Social media protest outside Dáil organised by Uplift. Schull teenagers hand in protest letter to Minister Catherine Martin demanding better protections for young people online.
Teenagers and supporters protested outside Facebook Headquarters in Dublin before marching to the Dáil to present an Open Letter (see below) calling on Ministers Catherine Martin and Robert Troy to lead on stronger rules to rein in Facebook and other social media corporations.
The event was organised by Uplift following recent revelations that the tech giant deliberately hid research and profited from the mental and physical harm inflicted on teenage girls, caused by Instagram algorithms.
Uplift campaigner, Layla Wade the organiser of today’s event said:
Facebook bosses know the damage they are causing. They are not going to change willingly – from June to Sept alone they made a $9 billion profit.
This government is in a powerful position to rein in Facebook because their European HQ is based in Ireland, but are failing to rein them in.
Megan Brown, one of the teenagers organising the event today said:
We won’t stand by while this government sits on their hands and fails to protect us. That’s why today we are going to Facebook and to the Dáil to tell them how we feel and that we want then to stop letting Facebook off the hook,
Dorothy-Ann Vandervulgt, another of the teenagers involved in the action said:
Teenagers like us are fed unrealistic images of how we should look. We then feel pressure to look a particular way and it makes us feel bad about ourselves. Facebook should be protecting us, not pushing this stuff at us.

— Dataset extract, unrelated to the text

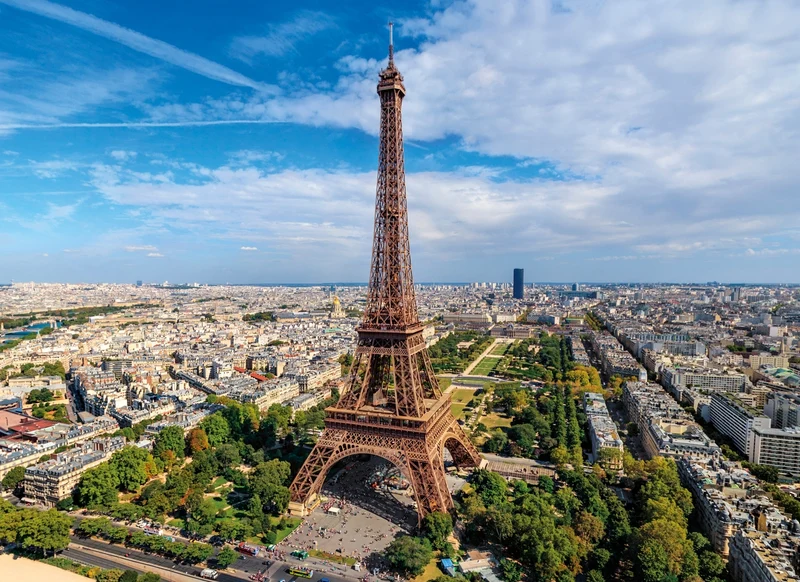 Paris - Virtual Reality (Includes Viewer and App)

Ms. Wade concluded by welcoming the invitation to meet Ministers Martin and Troy to meet with Uplift and the young activists to discuss the open letter delivered today in the near future.
Open Letter Delivered to Catherine Martin, Minister for Tourism, Culture, Arts, Gaeltacht, Sport and Media and Robert Troy, Minister of State for Trade Promotion, Digital and Company Regulation
Facebook can’t be trusted, hold them accountable.
Facebook knowingly stood by while their platform caused untold damage to the mental and physical wellbeing of young girls. As the European home for Facebook, there is an onus on you to hold them accountable.
Research carried out by Facebook itself and testimony by whistleblower, Frances Haugen, has uncovered that company executives knew that Facebook-owned Instagram’s algorithms actively worsened the mental and physical wellbeing of young girls who are vulnerable to anxiety, depression and disordered eating.
The hugely dominant platform Instagram elevated content that promoted body image issues, eating disorders, caused suicidal ideation among teenage girls – and they chose to do nothing about it. This is one of a myriad of stories of how Facebook’s business model is geared towards profit over the safety of the people who exist on the platform.
We demand an urgent inquiry into the conduct of Facebook:
- Invite whistleblowers Frances Haugen and Sophie Zhang to meet with you to present her evidence of how Facebook is perpetuating harm and toxicity.
- Call Facebook executives to appear before an Oireachtas committee to answer questions about their conduct/inaction.
- Commit to stronger rules and laws through Online Media Safety Regulation Bill and the Digital Services Act that minimise the harm caused by Facebook and other global digital corporations.
- Take all necessary measures to rein in ‘Big Tech’s’ harmful abuses whilst defending people’s fundamental rights, including the protection of the right to free speech for all.